» **Information provided**:
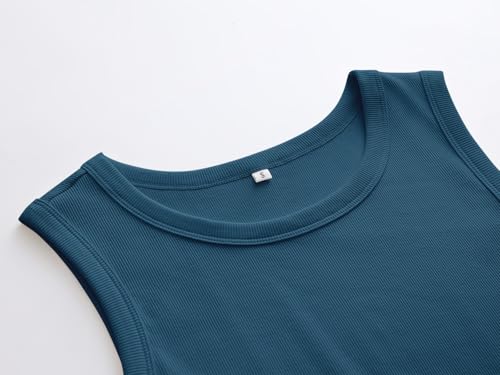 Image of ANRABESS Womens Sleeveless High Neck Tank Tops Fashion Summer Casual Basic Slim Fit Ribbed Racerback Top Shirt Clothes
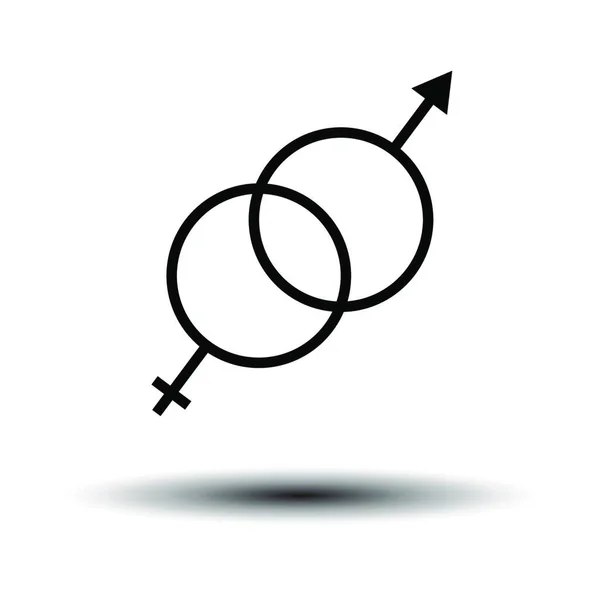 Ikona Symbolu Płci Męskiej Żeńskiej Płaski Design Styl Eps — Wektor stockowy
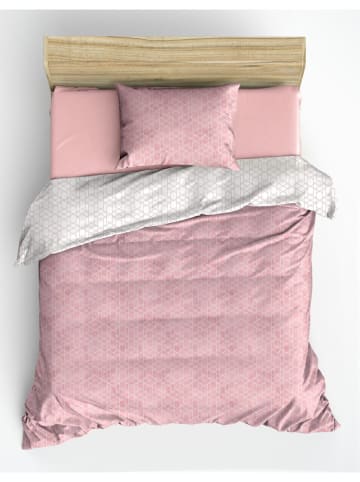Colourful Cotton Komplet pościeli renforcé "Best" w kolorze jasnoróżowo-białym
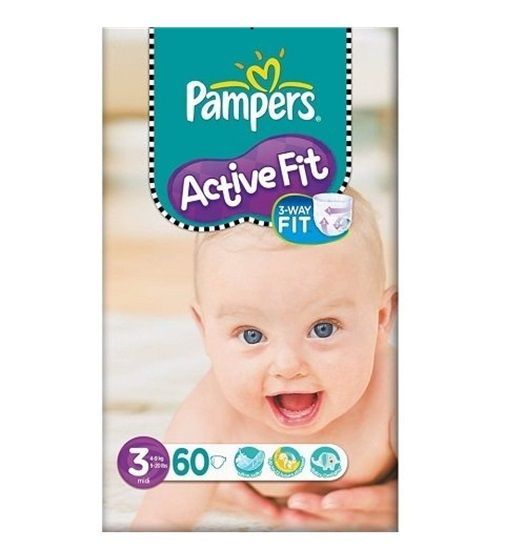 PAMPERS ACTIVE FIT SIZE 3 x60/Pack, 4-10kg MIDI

» **What you should do**: Write the data above out exactly. Leave out any pictures.

» **Task answer**:
 Image of ANRABESS Womens Sleeveless High Neck Tank Tops Fashion Summer Casual Basic Slim Fit Ribbed Racerback Top Shirt Clothes
 Ikona Symbolu Płci Męskiej Żeńskiej Płaski Design Styl Eps — Wektor stockowy
Colourful Cotton Komplet pościeli renforcé "Best" w kolorze jasnoróżowo-białym
 PAMPERS ACTIVE FIT SIZE 3 x60/Pack, 4-10kg MIDI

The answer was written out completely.